In summary, we examined 4 of the many functional movement tests that are available. We used multiple linear regression analysis techniques to examine associations among the various tests so redundant measures could be eliminated, but the injury-prediction ability of these screens remains to be seen. Our most stark finding was that females showed different associations on movement screens, which further justifies our use of sex-specific modeling techniques. In females, the FMS was moderately associated with YBT-Comp% scores, and the YBT-Comp% was moderately associated with FMS and LESS scores. The tests are thorough, but multiple tests increase the total time required of both the tester and participant. Therefore, we sought to identify associations among test performances to potentially decrease the number of tests and time required. The intent of MEPSTART is not to use all of the movements but rather to create an assessment that is valid, field expedient, easy to execute, and most importantly, predictive. Whereas authors of initial studies^22,29  found associations among movement screens and eventual injury, several other researchers^38,39  have not. Regardless, the sensitivity and specificity of predictive screens remain poor, meaning that the time required for screening may not be worth the effort. To justify their use, research should continue to be directed toward identifying whether these risk factors predict future injury during basic training for each sex.
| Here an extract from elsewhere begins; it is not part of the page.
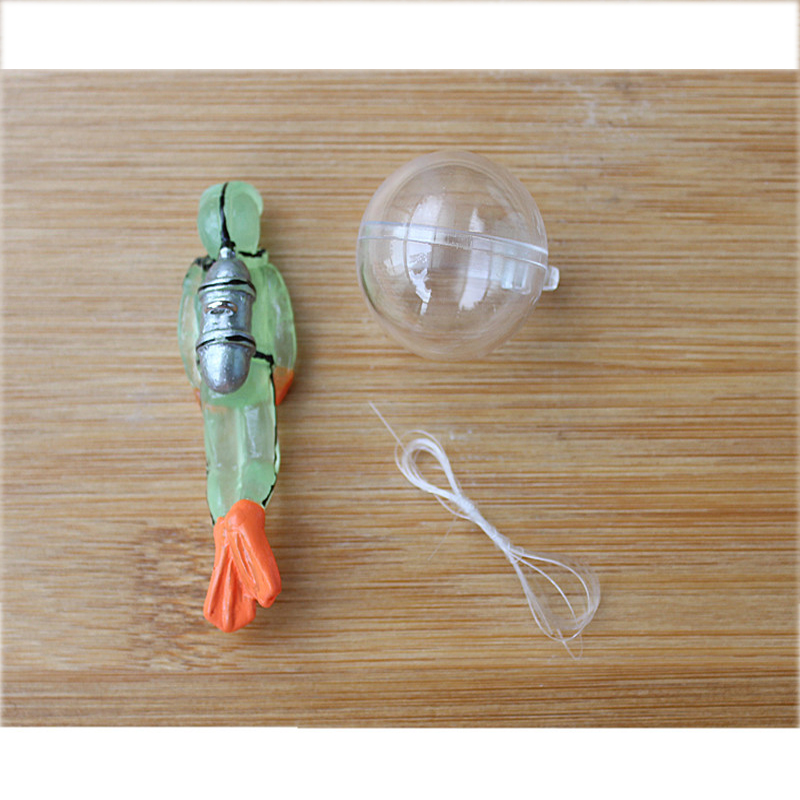 Resin Material Snorkeling Sailor With A Plastic Floating Ball For Fish Tank Decoration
A sex-specific overlap existed in performance on the FMS, YBT, OHS, and LESS. We observed clinically important relationships among measures for each sex, including those among FMS, YBT-Comp%, and OHS in males and between FMS and YBT-Comp% in females. To a lesser extent, the LESS also showed associations with the OHS in males and the YBT-Comp% in females. If time is limited, clinicians might consider using 1 of these screens to assess movement. However, given that these screens have previously shown only low to moderate predictive value for MSK-Is^16,17,29  and no 1 test or set of tests has been identified as clearly predicting MSK-I risk in our population, universal recommendations on the omission or inclusion of 1 test over another cannot be made.
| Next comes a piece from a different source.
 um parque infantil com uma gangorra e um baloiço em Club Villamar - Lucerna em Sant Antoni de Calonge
Our study had limitations. First, we possibly encountered some selection bias, as volunteers self-identified as willing to participate in a study about injury risk factors in a military environment. Volunteers could have been concerned about their injury risk and, therefore, not representative of the applicant population as a whole. Conversely, it was also possible that the most fit volunteered, and individuals who were concerned about injury risk did not want to participate. Regardless, all participants were cleared by MEPS personnel and their respective service to begin training; thus, the introduction of any additional bias was not likely. Second, not all participants were tested by the same individual, so intertester differences could have emerged. However, given that we had more than 1000 volunteers and ample statistical power to detect true differences, these effects most likely were minimal. In future studies, we will determine the relevance of our findings.
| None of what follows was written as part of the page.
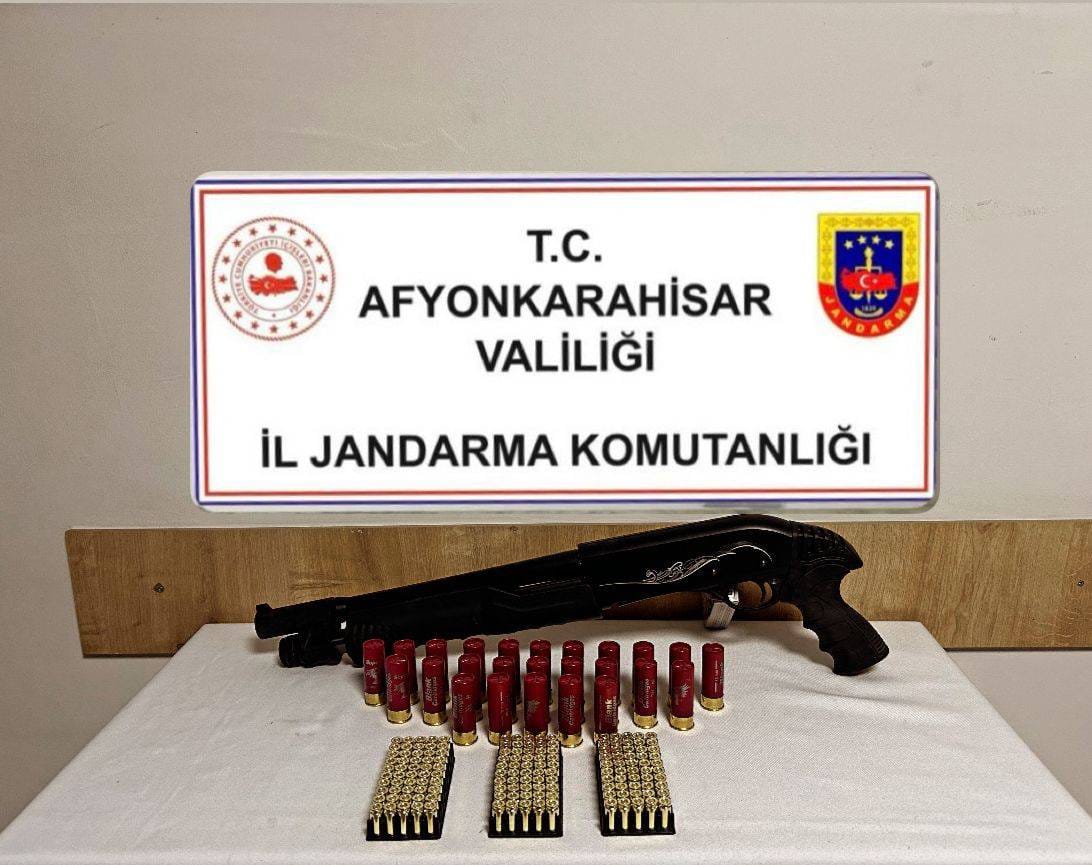 Afyonkarahisar’ın Salar Beldesi Halımoru Köyü’nde jandarma ekiplerinin yaptığı denetimde şüpheli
The FMS, YBT, OHS, and LESS are easy-to-perform clinical screens used to identify multijoint, multisegmental integrated movement patterns that may place applicants at risk for MSK-Is during basic training. Sex-specific overlap appears to exist in these assessments. In future work, we will examine if 1 screen or a combination of movements derived from the multiple screens is most predictive of MSK-Is in our cohort during basic training. Such findings could lead to the development of injury-prevention efforts that address these risk factors before individuals enter basic training. The culmination of these efforts could not only contain the already high training and medical costs, but more importantly, potentially protect future service members from preventable MSK-Is.